INDIANAPOLIS (AP) – Tony Kanaan finds it laughable when people start to talk about his bad luck in the Indianapolis 500.

The fun-loving Brazilian is probably the best active IndyCar driver never to have won the sport’s biggest event. Still, he can’t bring himself to think of either his close calls or his failures here as some kind of jinx.

“I’ve led (the race) every time I’ve been here, something nobody else has (done), and I haven’t started worse than sixth,” Kanaan said last week while relaxing before practice in the Andretti Green Racing garage. “You can’t say this place is bad luck for me. I just haven’t nailed it yet.”

In Kanaan’s first seven tries on the famed 2.5-mile Brickyard oval, the annual prerace favorite has five finishes of 12th or better, including third in 2003, second in 2004, eighth in 2005 and fifth in 2006.

“Because it’s Indianapolis, people make a big deal about it,” he said. “I don’t think I have bad luck here. I just think I haven’t had the luck to win. But I’ve been fortunate with what I have done. It’s hard to win a race and even harder to pick the race that you want to win.

“I don’t think this place owes me anything and I’ve just got to keep trying.”

But last year’s 29th-place finish may have been the toughest so far for Kanaan to swallow.

He went from leading the race to crashing out of it just past the halfway point when teammate Marco Andretti crowded him in a turn. Kanaan brushed the wall and then collided with Sarah Fisher.

After the race, a frustrated Kanaan called the move by Andretti, the son of team co-owner Michael Andretti, “stupid.”

But the hard feelings didn’t last very long for Kanaan, acknowledged by younger teammates Andretti, Danica Patrick and Hideki Mutoh as the team leader.

“We still have different opinions, I think, about what happened,” Kanaan said. “But that’s good because we both have different personalities and see it in different ways. But that did not effect us as teammates. It did not effect us as friends. We still hang around and still have fun.

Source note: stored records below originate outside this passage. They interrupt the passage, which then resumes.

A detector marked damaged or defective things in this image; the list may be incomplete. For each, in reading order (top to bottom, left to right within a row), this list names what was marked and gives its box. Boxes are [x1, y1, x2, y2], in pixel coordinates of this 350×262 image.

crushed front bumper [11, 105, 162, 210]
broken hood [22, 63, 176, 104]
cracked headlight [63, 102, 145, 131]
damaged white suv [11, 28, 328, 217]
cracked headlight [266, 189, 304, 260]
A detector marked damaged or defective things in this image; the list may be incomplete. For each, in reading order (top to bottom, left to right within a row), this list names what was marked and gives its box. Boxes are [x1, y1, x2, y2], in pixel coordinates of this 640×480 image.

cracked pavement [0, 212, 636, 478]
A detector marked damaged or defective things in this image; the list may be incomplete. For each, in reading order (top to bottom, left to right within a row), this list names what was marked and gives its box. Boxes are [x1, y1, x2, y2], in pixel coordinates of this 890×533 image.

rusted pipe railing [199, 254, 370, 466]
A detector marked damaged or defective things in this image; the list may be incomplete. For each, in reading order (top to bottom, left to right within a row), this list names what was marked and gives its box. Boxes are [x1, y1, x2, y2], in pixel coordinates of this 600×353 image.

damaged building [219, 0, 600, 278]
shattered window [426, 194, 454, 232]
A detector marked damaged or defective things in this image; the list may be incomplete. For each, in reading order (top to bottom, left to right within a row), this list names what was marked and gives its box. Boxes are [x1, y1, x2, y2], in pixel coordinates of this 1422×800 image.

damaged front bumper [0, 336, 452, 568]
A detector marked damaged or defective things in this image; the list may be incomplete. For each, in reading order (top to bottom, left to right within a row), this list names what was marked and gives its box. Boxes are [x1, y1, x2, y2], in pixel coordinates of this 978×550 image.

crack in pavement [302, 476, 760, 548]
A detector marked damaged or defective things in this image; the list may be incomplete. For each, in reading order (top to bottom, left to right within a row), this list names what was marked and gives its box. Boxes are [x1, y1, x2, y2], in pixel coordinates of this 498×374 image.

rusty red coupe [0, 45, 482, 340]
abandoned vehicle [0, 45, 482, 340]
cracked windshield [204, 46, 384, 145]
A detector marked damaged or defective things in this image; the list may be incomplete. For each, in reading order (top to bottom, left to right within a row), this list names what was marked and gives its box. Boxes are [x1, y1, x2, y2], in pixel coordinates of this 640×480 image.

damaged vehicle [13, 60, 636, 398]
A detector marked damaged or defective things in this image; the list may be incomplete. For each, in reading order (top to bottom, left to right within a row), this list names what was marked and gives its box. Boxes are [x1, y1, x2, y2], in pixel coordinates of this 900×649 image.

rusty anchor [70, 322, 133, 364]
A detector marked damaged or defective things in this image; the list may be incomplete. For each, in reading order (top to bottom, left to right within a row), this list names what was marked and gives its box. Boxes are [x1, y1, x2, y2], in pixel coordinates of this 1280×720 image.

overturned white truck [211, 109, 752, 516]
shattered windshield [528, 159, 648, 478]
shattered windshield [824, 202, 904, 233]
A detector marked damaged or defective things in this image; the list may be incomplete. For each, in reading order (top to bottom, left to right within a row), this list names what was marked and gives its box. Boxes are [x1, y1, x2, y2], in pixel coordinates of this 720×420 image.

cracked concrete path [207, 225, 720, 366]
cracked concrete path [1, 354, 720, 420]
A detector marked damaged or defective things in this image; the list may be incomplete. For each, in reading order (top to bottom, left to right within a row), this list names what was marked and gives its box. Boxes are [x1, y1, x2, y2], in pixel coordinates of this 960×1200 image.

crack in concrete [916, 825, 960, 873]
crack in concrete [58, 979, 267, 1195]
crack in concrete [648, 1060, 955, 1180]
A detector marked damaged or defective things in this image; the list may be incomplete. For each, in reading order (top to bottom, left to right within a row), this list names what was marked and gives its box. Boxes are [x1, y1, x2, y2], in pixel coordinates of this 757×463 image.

“Nobody really remembers what happened between me and Marco. They remember that Scott Dixon won the race. You have to move on and move forward.”

The 22-year-old Andretti, 12 years younger than his teammate, agreed.

“Tony and I are fine,” he said. “Things happen on the track, but TK is the leader of this team. He has everybody’s respect.”

Kanaan doesn’t mind being the one that his teammates look up to.

“I am the oldest guy, by far,” he said. “Everybody relies a lot on me. They, being a young crowd, they do have a tendency to lose their patience a lot quicker than I do.

“I’m not talking about car setup, because they are very capable of doing everything,” Kanaan added. “But when I kind of struggle, it kind of falls down to everybody else. That’s why I’ve got to keep my mind straight all the time. I’m fully aware of the responsibility that I have on this team. So I can’t really show sometimes a lot of the emotions that I want to show.”

Kanaan, who will start sixth on Sunday, has spent almost as much time this month shaking down his teammates’ cars as he has in trying to get his own up to speed after a slow start for AGR at Indy.

“We did struggle the first week with a car which we still have no idea why it was slow,” Kanaan said. “I had good support from my team to believe in me and not just believe that the driver was just being a whiner and crying about having a slow car. We turned the situation around.”

And Kanaan sees a possible silver lining in those early struggles.

“It has been the most difficult month I’ve had here, as far as trying to set up a car and get the car right for the race,” he noted. “So that might be the secret. I had such easy months in the last seven (years) and everybody picked me as a favorite all the time – ‘Oh man, he’s so strong.’

“This time, we’re under the radar. People talk about me just because of my record here, but I don’t think if I was to pick somebody to win this race right now as a fan, I would not pick Tony Kanaan.”

Kanaan grinned and added, “But I’m happy. We still don’t have the fastest car, but I have a very consistent car. And I think consistency is going to play a bigger role than speed in this race.”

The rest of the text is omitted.